Praktikabel oder nicht?

In meiner Schulzeit durchlief ich das Fach ESP – Einführung in die sozialistische Produktion. Ich war dafür regelmäßig in einem Betrieb und sollte am Ende einen Bericht darüber schreiben. In meinem Fall ging es um Qualitätssicherung – genauer gesagt um Kontrollrichtlinien. Konkret kann ich mich an fast überhaupt nichts mehr erinnern. Ich war wochenlang damit beschäftigt, ein existierendes Papier zu überarbeiten, dessen praktischer Nutzen mir schon damals fraglich erschien. Nur eine Tatsache hat sich in mein Gedächtnis gebrannt – der Eindruck, etwas vollkommen Überflüssiges zu tun. Mir war schnell klar: Papier ist geduldig.

Natürlich muss es derartige Richtlinien geben – und einheitliche Standards.
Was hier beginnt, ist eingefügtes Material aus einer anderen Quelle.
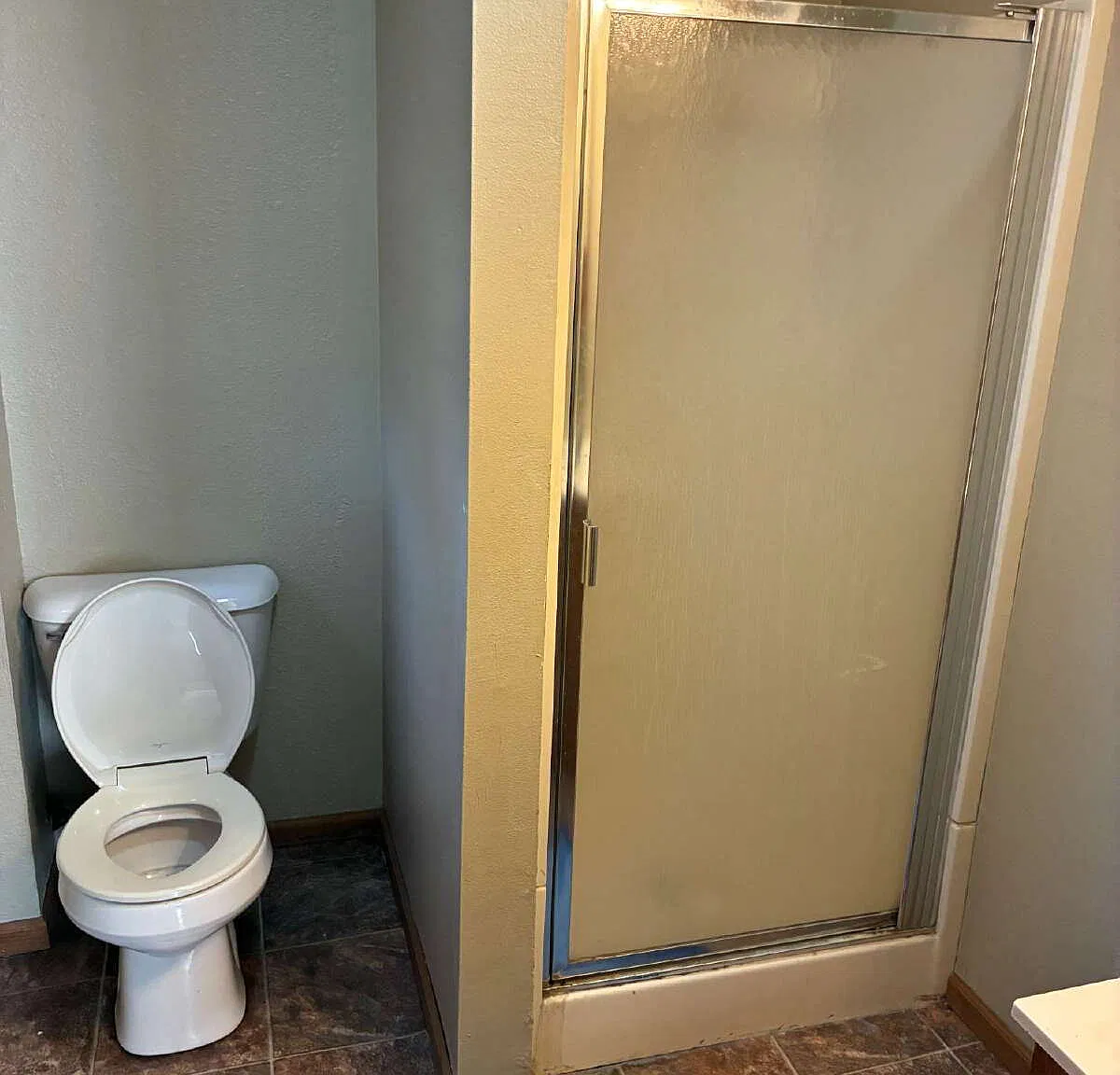 2 bed, 1.0 bath, 650 sqft, $345 — Photo 4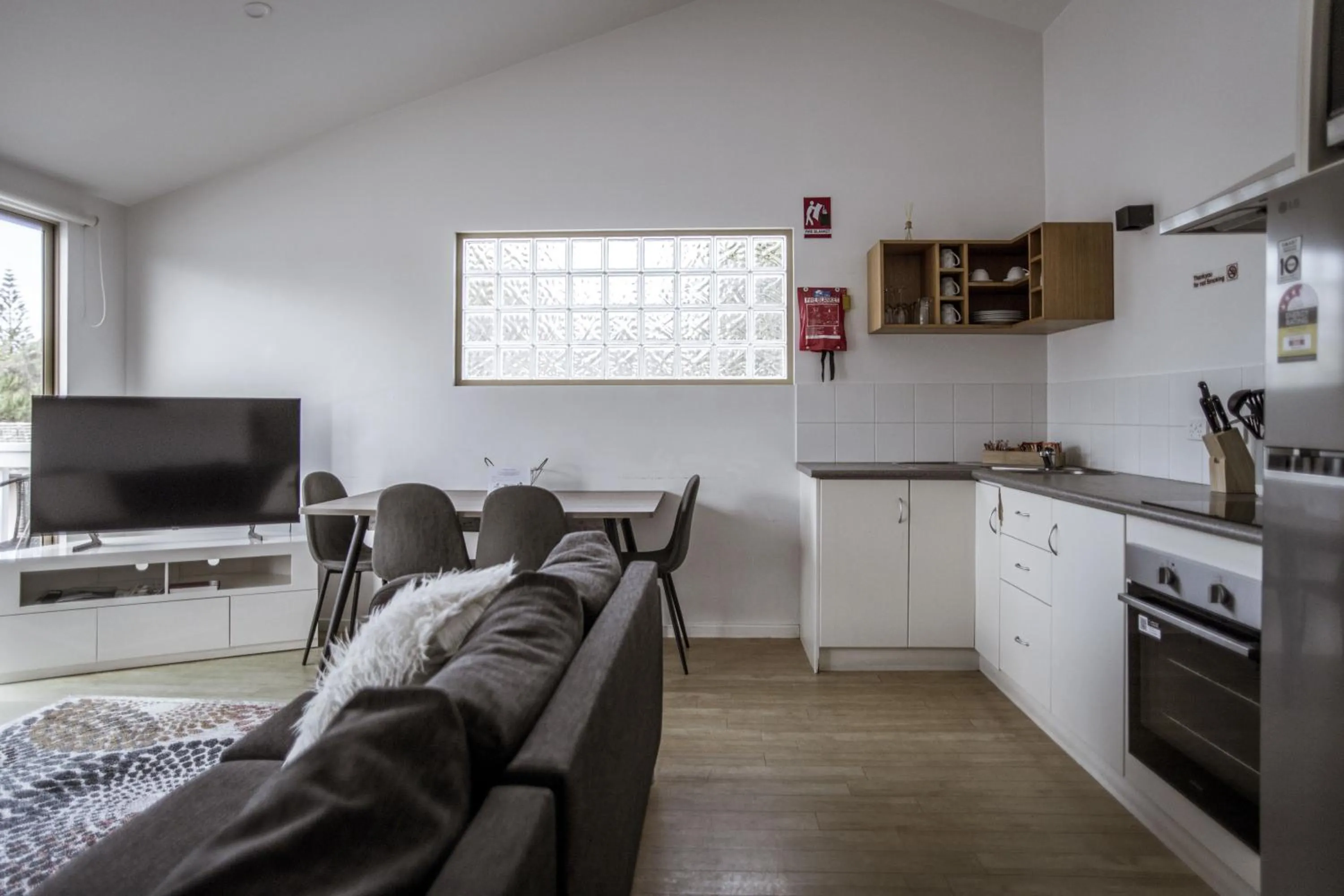 Kitchen or kitchenette in Archipelago Apartments Esperance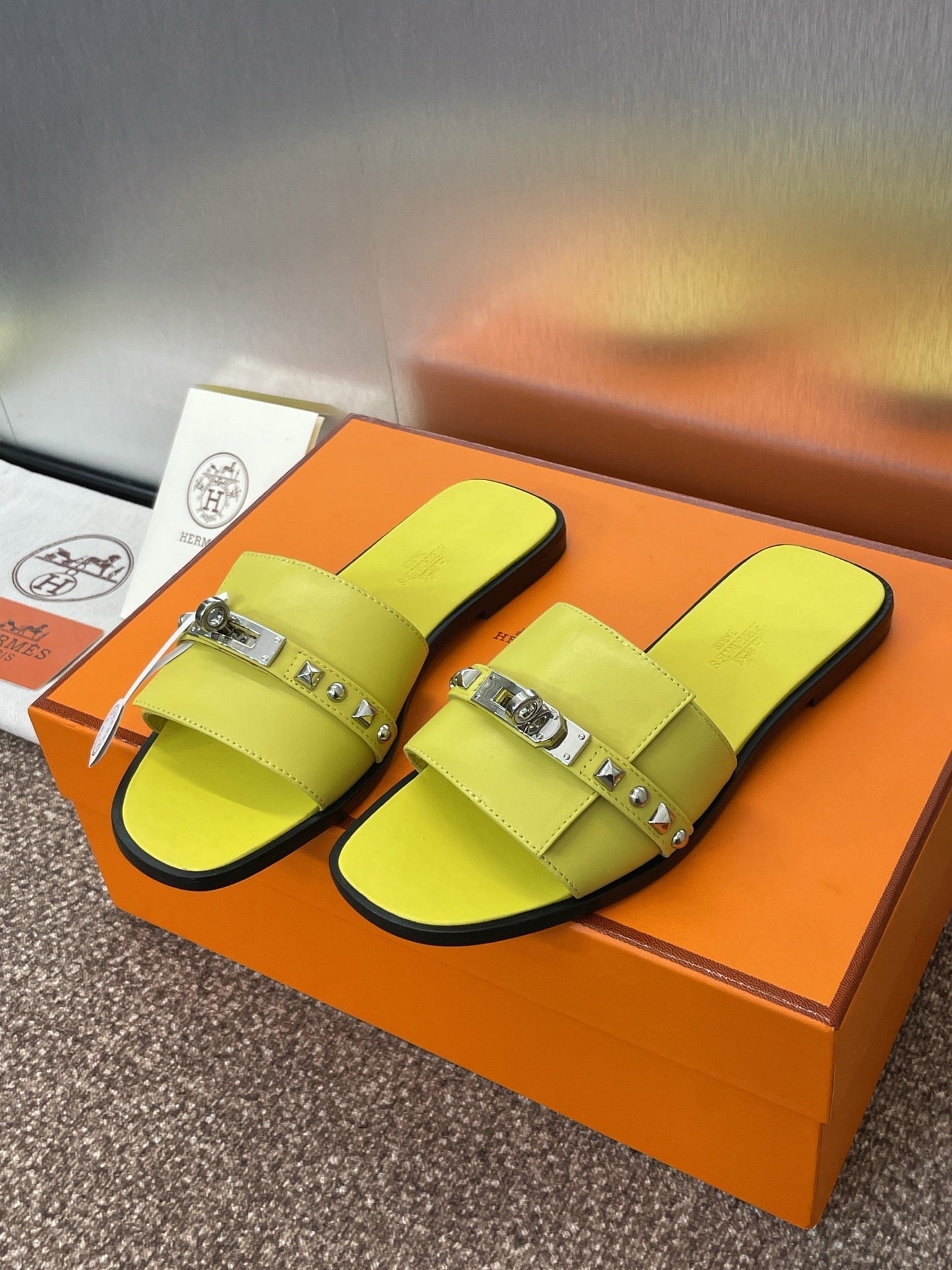 HM 25 Giulia Calfskin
Trotzdem achtet der eine Mitarbeiter mehr auf gründliche und gewissenhafte Ausführung und der andere weniger. Nach kurzer Zeit wissen alle genau, was praktikabel ist und was nicht. Dem müssen die Vorgaben standhalten, sonst werden sie nicht umgesetzt – und nicht ernst genommen.

Seit Wochen erhalte ich als Mutter regelmäßig überarbeitete Hygienekonzepte für die Schule. Sie sind seitenlang, präzise und lesen sich wie Anweisungen für Menschen, die mit hochgefährlichen toxischen Substanzen arbeiten. Teilweise gehen sie jedoch an der Realität einer Schule mit mehreren hundert Schülern vollkommen vorüber. „Nach jedem Berühren der Maske sollen mindestens 20 Sekunden die Hände gewaschen werden“, steht da beispielsweise. Ich wage zu behaupten: DAS tut KEIN Schüler; auch der noch so vorsichtige wird nicht jedesmal, wenn er seine Maske berührt hat, zum Waschbecken rennen. Stattdessen wissen nach kurzer Zeit alle genau, was praktikabel ist und was nicht – egal, was im Hygienekonzept steht. Dem müssen die Vorgaben standhalten, sonst werden sie nicht umgesetzt – und nicht ernst genommen. Noch immer gilt: Papier ist geduldig.